Problem requirements →
Everything from the line holding "Carnegie to Rod Laver Arena map" to the last line of the material below must be retyped exactly, minus any pictures.

══════════════════════════════

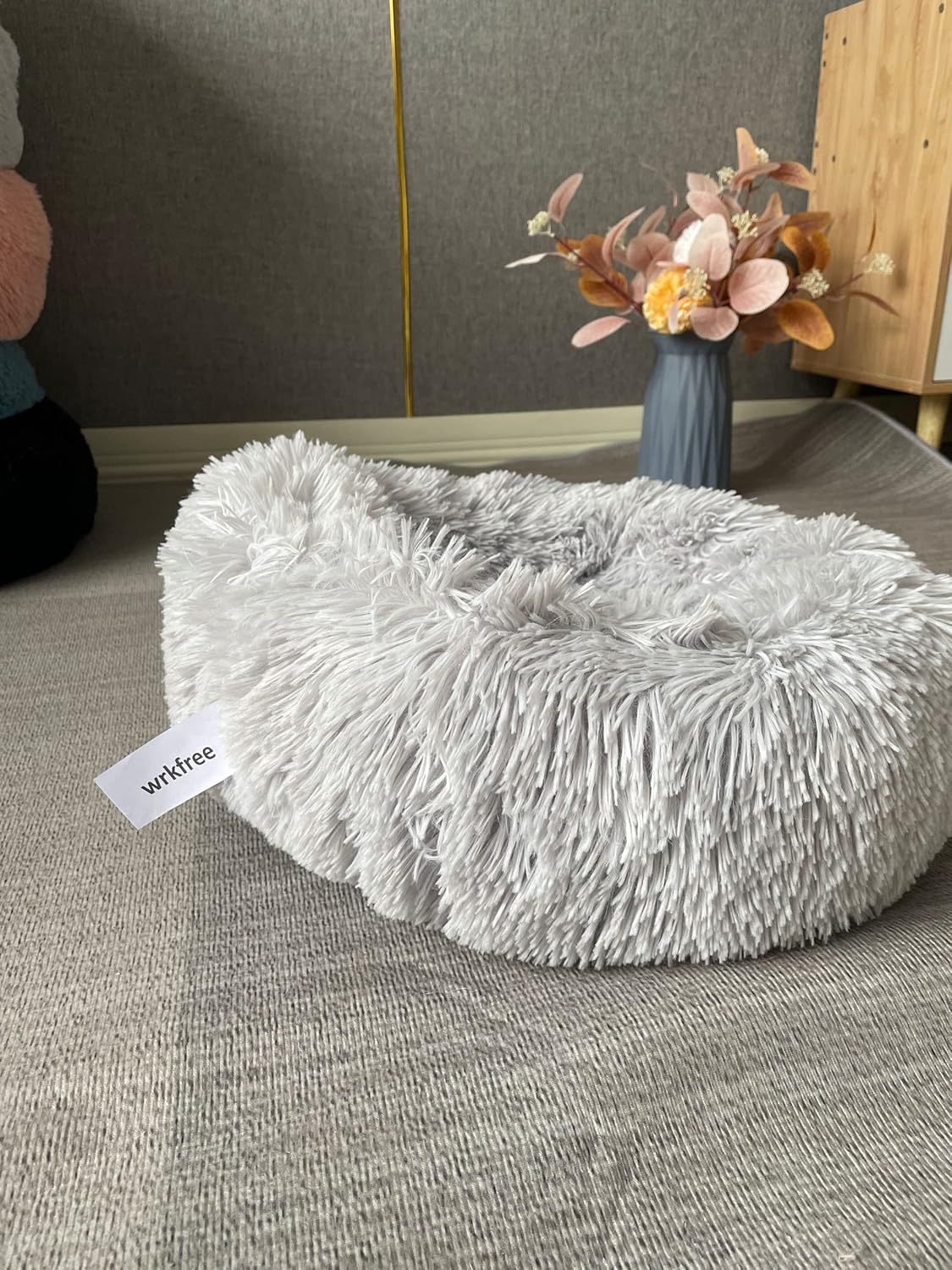 Cama para perros pequeños, cama mullida para cachorros, lavable, dona, antideslizante, 15 pulgadas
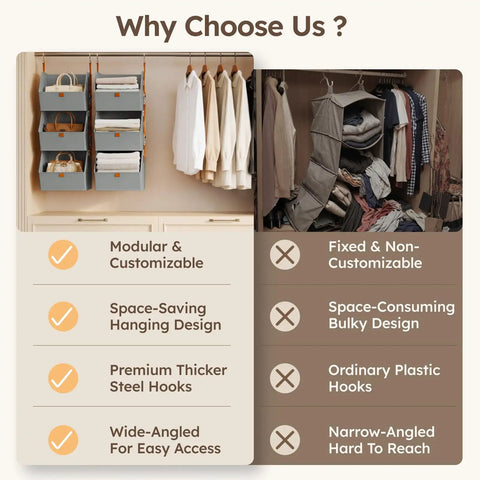 Hanging Closet Organizer 4 Tier With Detachable Fabric Bins And Collapsible Baskets, No Fuss Space Saving Closet System For Home Dorm RV, Easy Access Open Shelf Design, Gray in modular and customizable setup comparison.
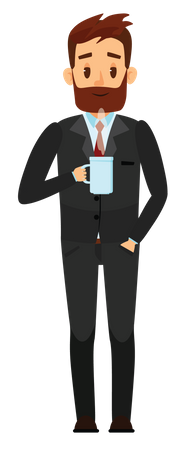 Businessman holding coffee cup  Illustration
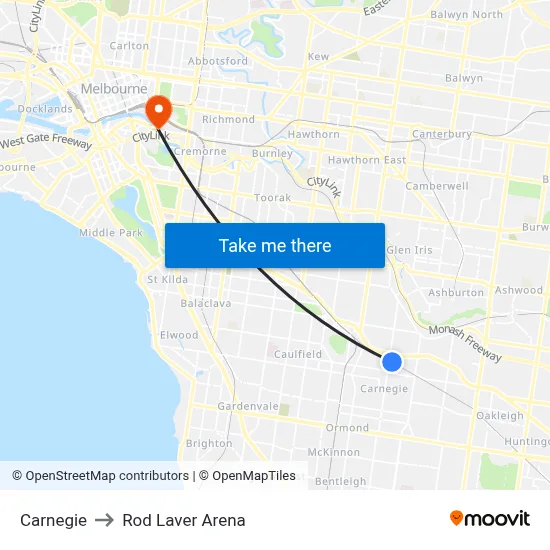 Carnegie to Rod Laver Arena map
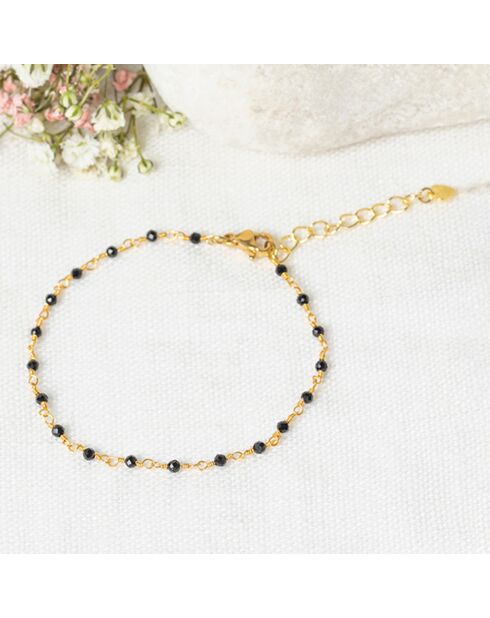Bracelet Elisa Jade noire en laiton doré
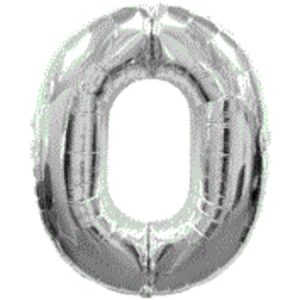 Silver Numeral Zero Number Shape Foil Balloon Q30392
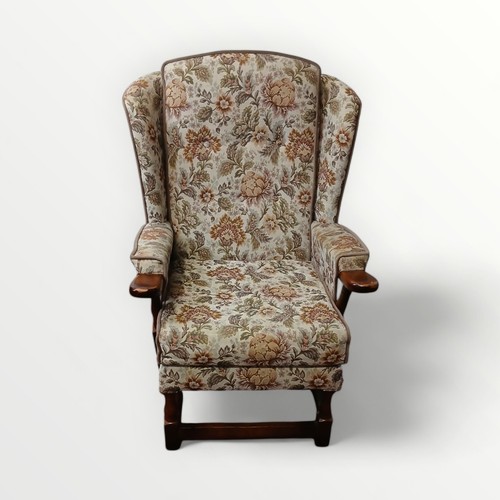 158 - Floral upholstered show wood framed 'fire side' easy chair. 44cm to seat 96cm overall.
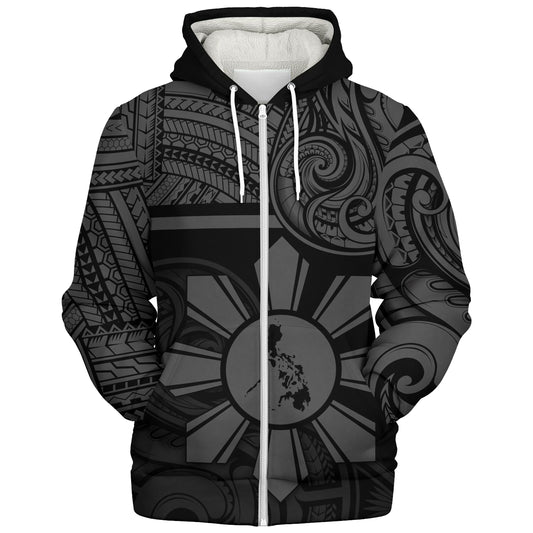 Philippines Filipinos Sherpa Hoodie Polynesian Tribal Sun And Map Original Style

══════════════════════════════

Response area →
 Carnegie to Rod Laver Arena map
Bracelet Elisa Jade noire en laiton doré
 Silver Numeral Zero Number Shape Foil Balloon Q30392
 158 - Floral upholstered show wood framed 'fire side' easy chair. 44cm to seat 96cm overall.
 Philippines Filipinos Sherpa Hoodie Polynesian Tribal Sun And Map Original Style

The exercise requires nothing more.